ONTARIO NORTHLAND RAILWAY

and

UNITED TRANSPORTATION UNION

DISPUTE:

Claim of Yard Helper L. K. Church for 8 hours' pay in respect of December 31, 1982.

JOINT STATEMENT OF ISSUE:

On Friday, December 31, 1982, an Engineer was called to turn the Northlander equipment at North Bay Shop and a Yard Foreman was called as pilot. The union contended that a yard crew of Foreman and Helper should have been called instead of a pilot claiming a violation of article 12.2 of the collective agreement.

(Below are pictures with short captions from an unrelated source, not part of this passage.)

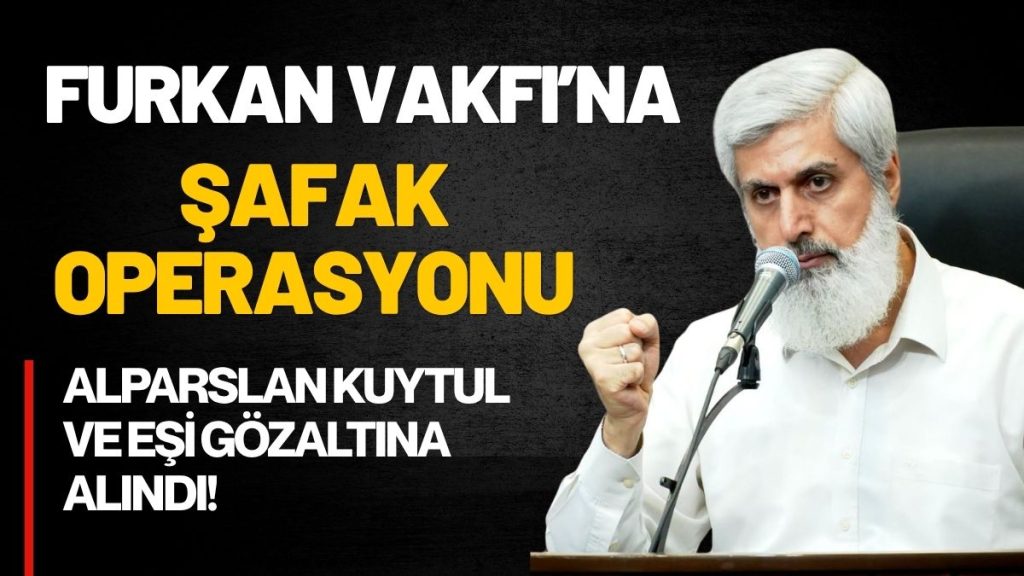 Furkan Vakfı’na Operasyon: Alparslan Kuytul ve Eşi Gözaltına Alındı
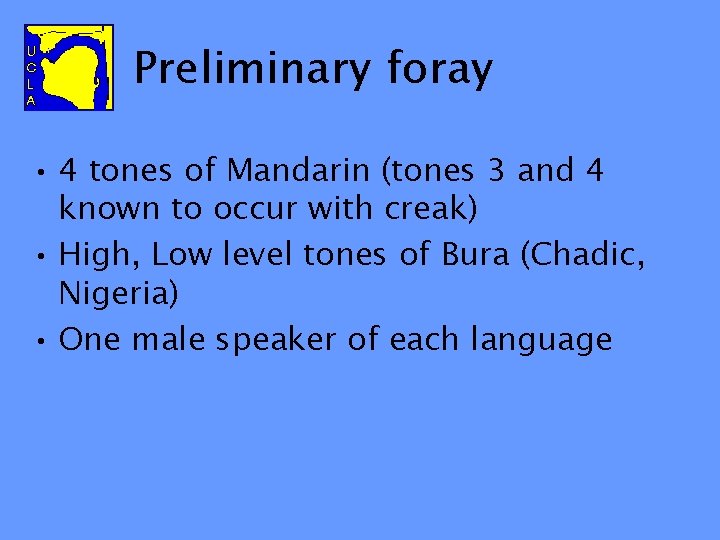 Preliminary foray • 4 tones of Mandarin (tones 3 and 4 known to occur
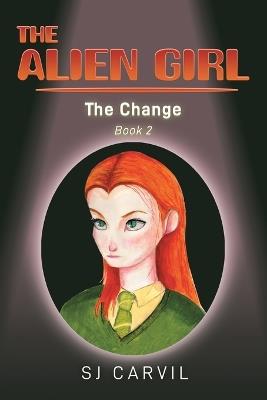 The Alien Girl - S J Carvil - cover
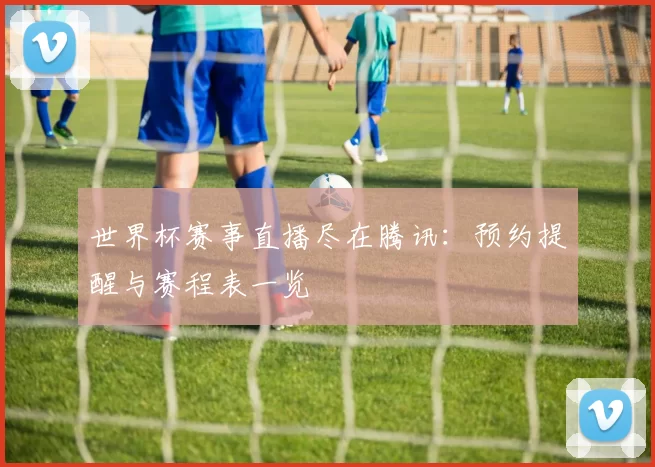 世界杯赛事直播尽在腾讯:预约提醒与赛程表一览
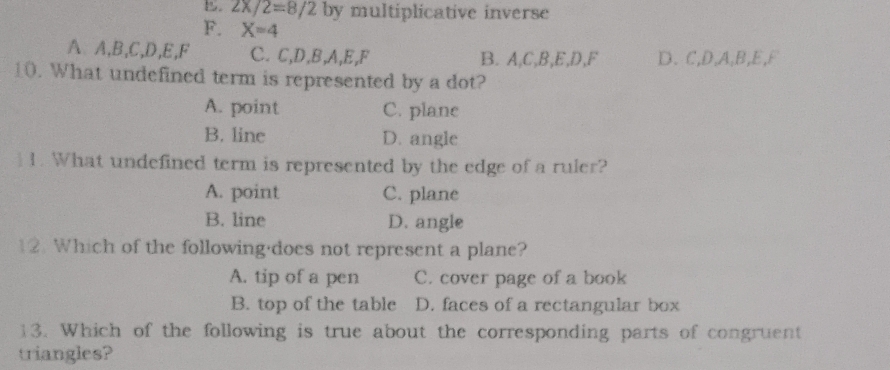 B. 2x/2=8/2 by multiplicative inverse
F. X=4
A A, B, C, D, E, F C. C, D, B, A, E, F B. A, C, B, E, D, F D. C, D, A, B, E, F
10. What undefined term is represented by a dot?
A. point C. plane
B. line D. angle
 1. What undefined term is represented by the edge of a ruler?
A. point C. plane
B. line D. angle
12. Which of the following·does not represent a plane?
A. tip of a pen C. cover page of a book
B. top of the table D. faces of a rectangular box
13. Which of the following is true about the corresponding parts of congruent
triangles?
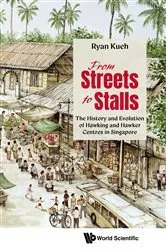 Book cover of From Streets To Stalls: The History And Evolution Of Hawking And Hawker Centres In Singapore by Ryan Kueh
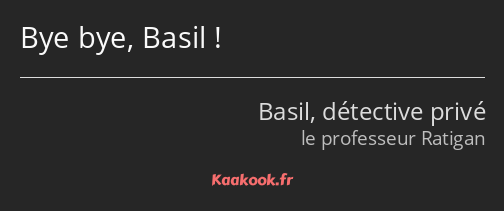 Bye bye, Basil !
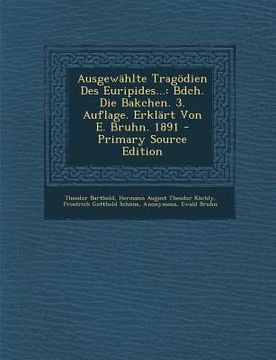 portada Ausgewahlte Tragodien Des Euripides...: Bdch. Die Bakchen. 3. Auflage. Erklart Von E. Bruhn. 1891
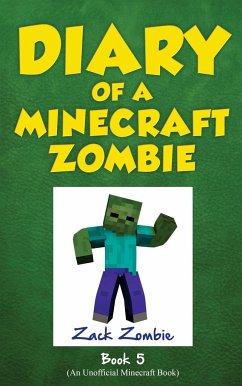 Diary of a Minecraft Zombie Book 5 - Zombie, Zack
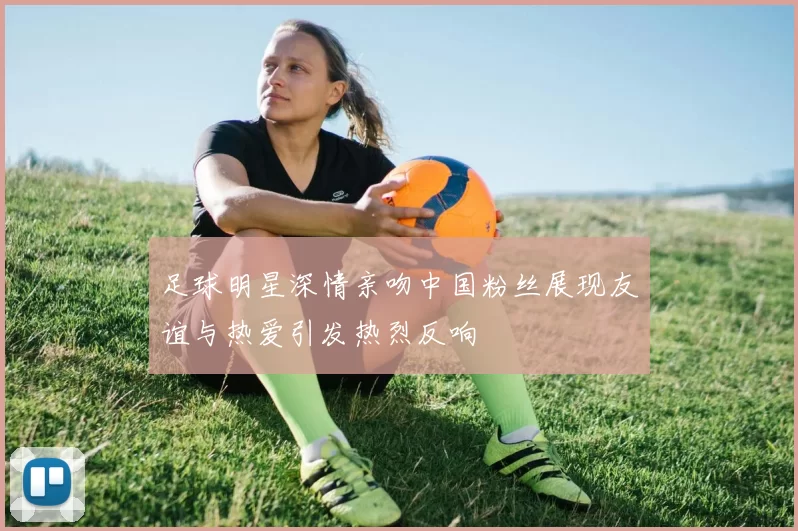 足球明星深情亲吻中国粉丝展现友谊与热爱引发热烈反响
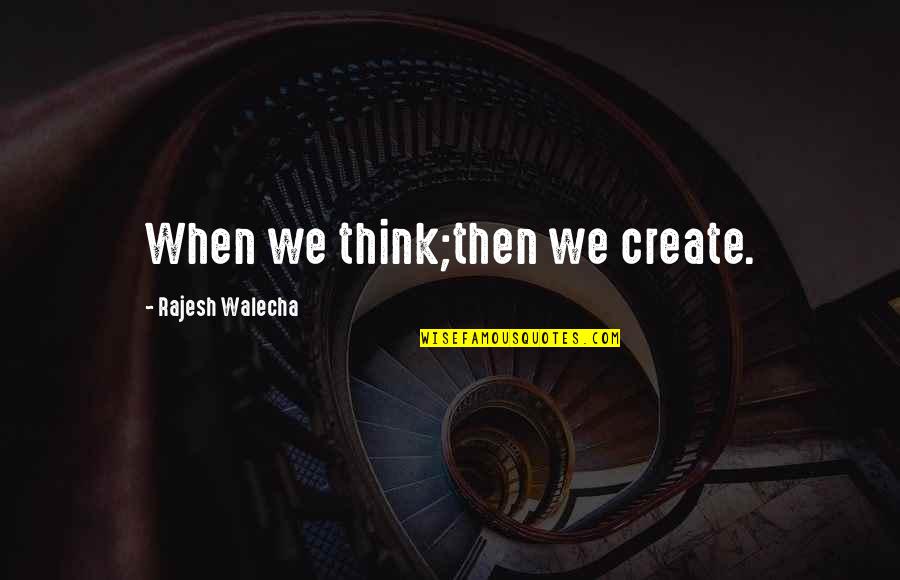 1 Hunnid Quotes By Rajesh Walecha: When we think;then we create.
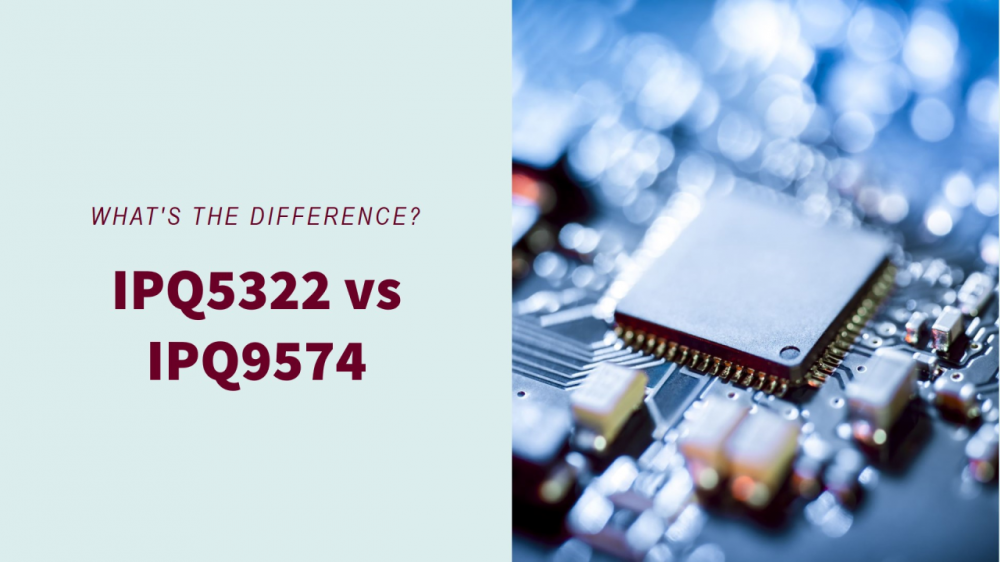 IPQ5322 VS IPQ9574 What’s the difference?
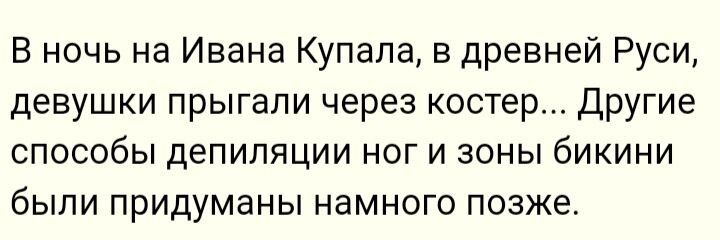 В ночь на Ивана Купала, в древней Руси, девушки прыгали через костер... Другие способы депиляции ног и зоны бикини были придуманы намного позже.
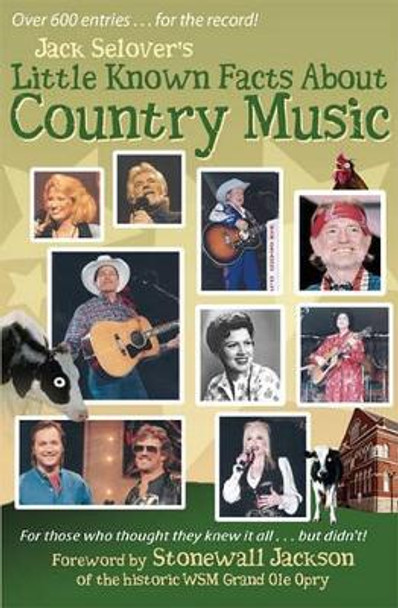 Little Known Facts about Country Music by Jack Selover 9780963268495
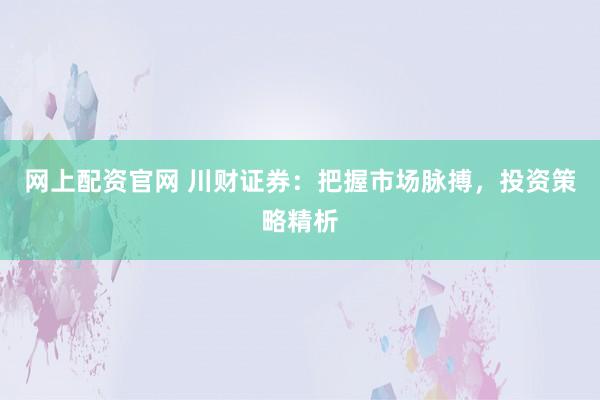 网上配资官网 川财证券：把握市场脉搏，投资策略精析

The Company denied the claim.

FOR THE UNION: FOR THE COMPANY:

(SGD) B. F. NEWMAN (SGD.) P. A. DYMENT

General Chairman General Manager

There appeared on behalf of the Company:

A. Rotondo Manager Labour Relations, North Bay

P. R. Harris Assistant Superintendent, North Bay

And on behalf of the Union:

J. Sandie Vice-President, UTU, Sault Ste. Marie

E. Fulford Local Chairman, UTU (Bus), North Bay

 

AWARD OF THE ARBITRATOR

Article 12.1 provides that a yard crew shall consist of not less than one foreman and two yardmen. Article 12.1, however, modifies that provision to provide, in effect, for a reduced crew of a foreman and one helper. The Union's claim in the instant case is that such a crew a foreman and one helper ought to have been called. In fact, the Company called (apart from the engineman), only a yard foreman, to act as a pilot. That is, it did not call a yard crew, as such, at all. The issue is whether or not a yard crew should have been called. This depends on whether or not the work involved was "yard service", within the meaning of the collective agreement or not.

It may be noted that the reference to "pilots" in the collective agreement, in article 9.1, is to staffing "in addition to the regular crew". Whether or not a pilot was necessary or proper in the instant case is not in issue. The issue here is: what ought to have been "the regular crew"?, and that depends on whether the work performed was yard service or not.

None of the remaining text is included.